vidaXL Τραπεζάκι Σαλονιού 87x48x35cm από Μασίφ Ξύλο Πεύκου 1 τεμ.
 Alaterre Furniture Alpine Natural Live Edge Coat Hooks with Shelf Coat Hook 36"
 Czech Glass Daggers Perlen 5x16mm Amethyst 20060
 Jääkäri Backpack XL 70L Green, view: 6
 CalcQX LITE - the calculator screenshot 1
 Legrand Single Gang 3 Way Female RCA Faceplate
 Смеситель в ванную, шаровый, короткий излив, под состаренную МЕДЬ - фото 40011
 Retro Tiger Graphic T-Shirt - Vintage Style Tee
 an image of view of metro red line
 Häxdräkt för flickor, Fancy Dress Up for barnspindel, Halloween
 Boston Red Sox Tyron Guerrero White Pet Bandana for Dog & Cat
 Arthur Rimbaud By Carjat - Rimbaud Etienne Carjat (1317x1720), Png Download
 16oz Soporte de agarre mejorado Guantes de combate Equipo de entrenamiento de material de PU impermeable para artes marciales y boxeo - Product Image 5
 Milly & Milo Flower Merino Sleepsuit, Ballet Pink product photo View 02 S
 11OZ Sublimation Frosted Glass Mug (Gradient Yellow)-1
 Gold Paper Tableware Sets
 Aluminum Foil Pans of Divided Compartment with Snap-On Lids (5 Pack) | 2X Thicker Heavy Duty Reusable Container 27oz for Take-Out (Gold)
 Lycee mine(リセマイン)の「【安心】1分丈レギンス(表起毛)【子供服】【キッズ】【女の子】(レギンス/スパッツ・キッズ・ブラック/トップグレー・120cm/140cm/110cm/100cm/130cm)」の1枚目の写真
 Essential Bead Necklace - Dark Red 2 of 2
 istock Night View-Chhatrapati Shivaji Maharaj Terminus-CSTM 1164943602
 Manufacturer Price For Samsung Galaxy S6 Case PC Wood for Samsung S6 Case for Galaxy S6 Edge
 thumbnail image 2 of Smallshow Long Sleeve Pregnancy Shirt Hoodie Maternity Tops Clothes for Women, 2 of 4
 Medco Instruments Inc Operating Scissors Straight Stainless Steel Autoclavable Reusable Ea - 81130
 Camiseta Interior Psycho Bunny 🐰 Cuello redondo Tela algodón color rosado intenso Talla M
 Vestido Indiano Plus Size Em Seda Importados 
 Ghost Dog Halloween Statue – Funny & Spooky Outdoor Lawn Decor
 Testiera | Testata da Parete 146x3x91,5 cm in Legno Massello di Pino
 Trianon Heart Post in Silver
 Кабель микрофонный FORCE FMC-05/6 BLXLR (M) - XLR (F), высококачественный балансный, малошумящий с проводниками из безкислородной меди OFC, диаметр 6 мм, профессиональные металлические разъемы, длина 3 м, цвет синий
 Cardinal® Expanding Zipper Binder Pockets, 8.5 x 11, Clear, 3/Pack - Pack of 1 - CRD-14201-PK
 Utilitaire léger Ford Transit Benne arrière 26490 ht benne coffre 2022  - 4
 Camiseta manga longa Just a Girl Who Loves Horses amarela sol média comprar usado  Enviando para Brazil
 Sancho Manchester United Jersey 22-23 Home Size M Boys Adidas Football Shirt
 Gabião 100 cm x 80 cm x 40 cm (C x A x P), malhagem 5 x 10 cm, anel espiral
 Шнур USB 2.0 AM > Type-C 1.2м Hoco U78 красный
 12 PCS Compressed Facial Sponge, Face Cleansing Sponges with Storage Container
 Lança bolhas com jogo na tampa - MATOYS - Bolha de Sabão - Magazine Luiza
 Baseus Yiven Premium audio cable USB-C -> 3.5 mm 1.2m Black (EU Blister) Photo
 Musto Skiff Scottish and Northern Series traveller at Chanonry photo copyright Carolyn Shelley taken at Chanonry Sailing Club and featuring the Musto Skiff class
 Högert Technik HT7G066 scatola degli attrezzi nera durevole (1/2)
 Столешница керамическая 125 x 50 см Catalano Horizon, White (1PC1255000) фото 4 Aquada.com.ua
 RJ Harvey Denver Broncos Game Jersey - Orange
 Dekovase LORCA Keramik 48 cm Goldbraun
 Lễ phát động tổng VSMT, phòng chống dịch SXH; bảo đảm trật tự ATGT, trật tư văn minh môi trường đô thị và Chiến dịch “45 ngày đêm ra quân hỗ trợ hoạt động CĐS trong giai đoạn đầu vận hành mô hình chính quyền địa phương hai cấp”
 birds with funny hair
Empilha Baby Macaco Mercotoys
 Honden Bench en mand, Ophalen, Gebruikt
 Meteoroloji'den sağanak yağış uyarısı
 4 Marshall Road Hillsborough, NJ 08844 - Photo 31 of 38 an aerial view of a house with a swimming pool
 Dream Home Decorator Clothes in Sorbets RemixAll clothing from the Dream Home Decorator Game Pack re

- _EXERCISE_
Write out exactly, and only, each line from the one with "Utilitaire léger Ford" down to the last line of the records above.

- _WORKED SOLUTION_
 Utilitaire léger Ford Transit Benne arrière 26490 ht benne coffre 2022  - 4
 Camiseta manga longa Just a Girl Who Loves Horses amarela sol média comprar usado  Enviando para Brazil
 Sancho Manchester United Jersey 22-23 Home Size M Boys Adidas Football Shirt
 Gabião 100 cm x 80 cm x 40 cm (C x A x P), malhagem 5 x 10 cm, anel espiral
 Шнур USB 2.0 AM > Type-C 1.2м Hoco U78 красный
 12 PCS Compressed Facial Sponge, Face Cleansing Sponges with Storage Container
 Lança bolhas com jogo na tampa - MATOYS - Bolha de Sabão - Magazine Luiza
 Baseus Yiven Premium audio cable USB-C -> 3.5 mm 1.2m Black (EU Blister) Photo
 Musto Skiff Scottish and Northern Series traveller at Chanonry photo copyright Carolyn Shelley taken at Chanonry Sailing Club and featuring the Musto Skiff class
 Högert Technik HT7G066 scatola degli attrezzi nera durevole (1/2)
 Столешница керамическая 125 x 50 см Catalano Horizon, White (1PC1255000) фото 4 Aquada.com.ua
 RJ Harvey Denver Broncos Game Jersey - Orange
 Dekovase LORCA Keramik 48 cm Goldbraun
 Lễ phát động tổng VSMT, phòng chống dịch SXH; bảo đảm trật tự ATGT, trật tư văn minh môi trường đô thị và Chiến dịch “45 ngày đêm ra quân hỗ trợ hoạt động CĐS trong giai đoạn đầu vận hành mô hình chính quyền địa phương hai cấp”
 birds with funny hair
Empilha Baby Macaco Mercotoys
 Honden Bench en mand, Ophalen, Gebruikt
 Meteoroloji'den sağanak yağış uyarısı
 4 Marshall Road Hillsborough, NJ 08844 - Photo 31 of 38 an aerial view of a house with a swimming pool
 Dream Home Decorator Clothes in Sorbets RemixAll clothing from the Dream Home Decorator Game Pack re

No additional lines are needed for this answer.